# Workbench height



## steve_c (15 Jan 2010)

Is there a general consensus of opinion on what height a workbench should be? I'm planning to build one to replace my Workmate and make my working space a bit more efficient. I had thought of making the legs from 240cm lengths cut into 3 so 80cm tall plus two thicknesses of 25mm MDF or three of 18mm MDF so working out at around 85cm tall.


----------



## jlawrence (15 Jan 2010)

The ideal height for a workbench is dependant on a few different things:
1) your build - no point having a tall bench if you're only 4ft high.
2) what height you prefer
3) what job you're doing - intricate work tends to need a higher bench.

If I were you I'd experiment adding bits onto the workmate until you find a height that YOU'RE comfortable with.
Even though I'm only 5'8" I find 900mm to be a comfortable height for doing most work


----------



## MikeG. (15 Jan 2010)

FWIW I am 1790 tall and my bench is 870 tall.

Mike


----------



## Mike Wingate (15 Jan 2010)

The top of a standard workbench should be level with you wristwatch, when standing upright next to the bench, for optimum sawing and planing, speciality benches will vary. So just about wrist height with your arms dangling vertically at your side, standing in your normal working shoes, if you dont have a watch. Fob watches and mobile phones do not count.


----------



## frugal (15 Jan 2010)

I have also heard/read

- Stand with your back to the bench and put the you should be able to put the heel of your hands on the bench.

- Stand facing the bench with your elbows bent so that your forearms are parallel with the ground, then bend your hand at the wrist so that your fingers are pointing down. Your fingers are now at the desired bench height.

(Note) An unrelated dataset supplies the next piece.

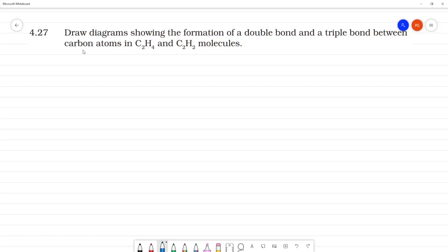Draw a diagram showing the formation of double bond and triple bond between carbon atoms in C2H4 and C2H2. Okay, C2H4 is first. This is a double bond and triple bond. Now 1-2-1. Now first, C2H4.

Of course this all changes depending on what kind of tools you are going to use and what kind of work you are going to do. Some people advise a slightly lower bench if you are planing by hand so that you can keep pressure on the plane, but I find that makes my back ache...


----------



## Woody Alan (15 Jan 2010)

Hi Steve

Another belated welcome from another member of the Norfolk section.
There are various consensus but based on many variables. I have found that a small difference has made all the difference to me. I started with a bench that was too high more designed for working on equipment stood on it rather than working physically at something, that needed lowering. So I took some recomendation from research and built a bench at 34" but got back ache. I then built a "proper" bench inbetween those two with the flexibility to cut some off the legs or put a base under it. 
I didn't need too in the end it's 910 or 35 3/4" in real money and I am 5' 10 1/2" it seems to hit the right spot, an inch or so really does make a big difference.
EDIT noticed Mike is the same height as me but his bench height gave me backache at 40mm lower.
Cheers Alan


----------



## woodbloke (15 Jan 2010)

Inside leg measurement (get someone like this to do it :shock: ) + 75mm...sorted :lol: - Rob


----------



## BradNaylor (16 Jan 2010)

I take it your wife's away again, Rob...

:lol: 

I've no idea what height my bench is but it seems to increase by an inch every couple of years as I add another sheet of ply to the top of it!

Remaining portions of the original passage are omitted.